Re: I can't run program on slave node

camiyu917gmail_com · ‎05-20-2009

I can't run program on slave node.

execute "mpirun -f ./mpd.hosts -np 2 ./testcpp"
=====================================================
Hello world: rank 0 of 2 running on cluster-master
Hello world: rank 1 of 2 running on cluster-master
=====================================================
It is just run on master

execute "sshconnectivity.exp machines.LINUX"
=====================================================
Node count = 2
Secure shell connectivity was established on all nodes.
See the log output listing "/tmp/sshconnectivity.user.log" for details.
Version number: $Revision: 1.18 $
Version date: $Date: 2008/10/19 04:06:21 $
=====================================================

the content of mpd.hosts & machines.LINUX is
=====================================================
cluster-master
cluster-slave1
=====================================================
and save in /home/user at master & slave.

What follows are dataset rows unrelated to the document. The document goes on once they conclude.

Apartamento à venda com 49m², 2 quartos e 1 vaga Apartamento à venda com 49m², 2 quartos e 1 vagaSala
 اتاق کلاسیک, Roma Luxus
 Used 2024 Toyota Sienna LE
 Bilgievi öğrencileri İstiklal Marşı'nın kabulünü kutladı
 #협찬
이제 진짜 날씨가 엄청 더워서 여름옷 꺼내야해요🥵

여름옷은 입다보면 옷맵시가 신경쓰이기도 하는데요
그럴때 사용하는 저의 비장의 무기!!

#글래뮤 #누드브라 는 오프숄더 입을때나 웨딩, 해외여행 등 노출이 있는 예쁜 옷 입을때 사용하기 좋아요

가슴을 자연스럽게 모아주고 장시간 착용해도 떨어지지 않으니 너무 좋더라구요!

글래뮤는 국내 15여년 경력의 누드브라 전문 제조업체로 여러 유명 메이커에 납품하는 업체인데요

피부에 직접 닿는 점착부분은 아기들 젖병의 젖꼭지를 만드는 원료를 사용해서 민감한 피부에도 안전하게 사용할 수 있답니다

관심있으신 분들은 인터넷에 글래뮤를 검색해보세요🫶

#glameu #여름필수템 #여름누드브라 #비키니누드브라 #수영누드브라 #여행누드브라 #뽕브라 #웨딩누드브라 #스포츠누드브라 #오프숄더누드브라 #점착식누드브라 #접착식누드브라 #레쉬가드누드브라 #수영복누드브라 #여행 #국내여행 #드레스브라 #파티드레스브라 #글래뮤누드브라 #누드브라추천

but have a problem happen when I execute "mpdboot -f ./mpd.hosts -n 2"
=====================================================
mpdboot_cluster-master (handle_mpd_output 739): failed to ping mpd on cluster-slave1; received output={}
=====================================================

I can use ssh login master from slave without password, also can use ssh login slave from master without password,
and I already close firewall.

Please Help me.... Thanks...

Dmitry_K_Intel2 · ‎05-21-2009

Quoting - camiyu917gmail.com

I can't run program on slave node.

execute "mpirun -f ./mpd.hosts -np 2 ./testcpp"
but have a problem happen when I execute "mpdboot -f ./mpd.hosts -n 2"

Hello Camiyu917,

Seems you have configured your cluster for using ssh, so I think that you cantry to add "-r ssh" to both commands?
If you need to start 1 process per host you can set I_MPI_PERHOST to 1 and checkit launching "mpirun -n 2..." - it should start 2 process on 2 different nodes.

Regards!
Dmitry

camiyu917gmail_com · ‎05-21-2009

Quoting - Dmitry Kuzmin (Intel)

Hello Camiyu917,

Seems you have configured your cluster for using ssh, so I think that you cantry to add "-r ssh" to both commands?
If you need to start 1 process per host you can set I_MPI_PERHOST to 1 and checkit launching "mpirun -n 2..." - it should start 2 process on 2 different nodes.

Regards!
Dmitry

Dmitry, thanks for your replication.

I met a another problem.

I try to execute "mpdboot -n 2 -f ./mpd.hosts -r ssh", but have this problem.
=============================================================
mpdboot_cluster-master (handle_mpd_output 730): Failed to establish a socket connection with cluster-slave1:33736 : (111, 'Connection refused')
mpdboot_cluster-master (handle_mpd_output 747): failed to connect to mpd on cluster-slave1
=============================================================

After "export I_MPI_PERHOST=1", I execute "mpirun -n 2 -f ./mpd.hosts -r ssh ./testcpp".
I get this problem
=============================================================
mpiexec_cluster-master (mpiexec 841): no msg recvd from mpd when expecting ack of request. Please examine the /tmp/mpd2.logfile_user log file on each node of the ring.
=============================================================

Thanks for your help ~ ^__^

Dmitry_K_Intel2 · ‎05-21-2009

Camiyu917, could you send /tmp/mpd2.logfile_user files? This is very strange error.

Best wishes!
Dmitry

camiyu917gmail_com · ‎05-21-2009

I am execute "export I_MPI_PERHOST=1" and "mpirun -n 2 -f ./mpd.hosts -r ssh ./testcpp".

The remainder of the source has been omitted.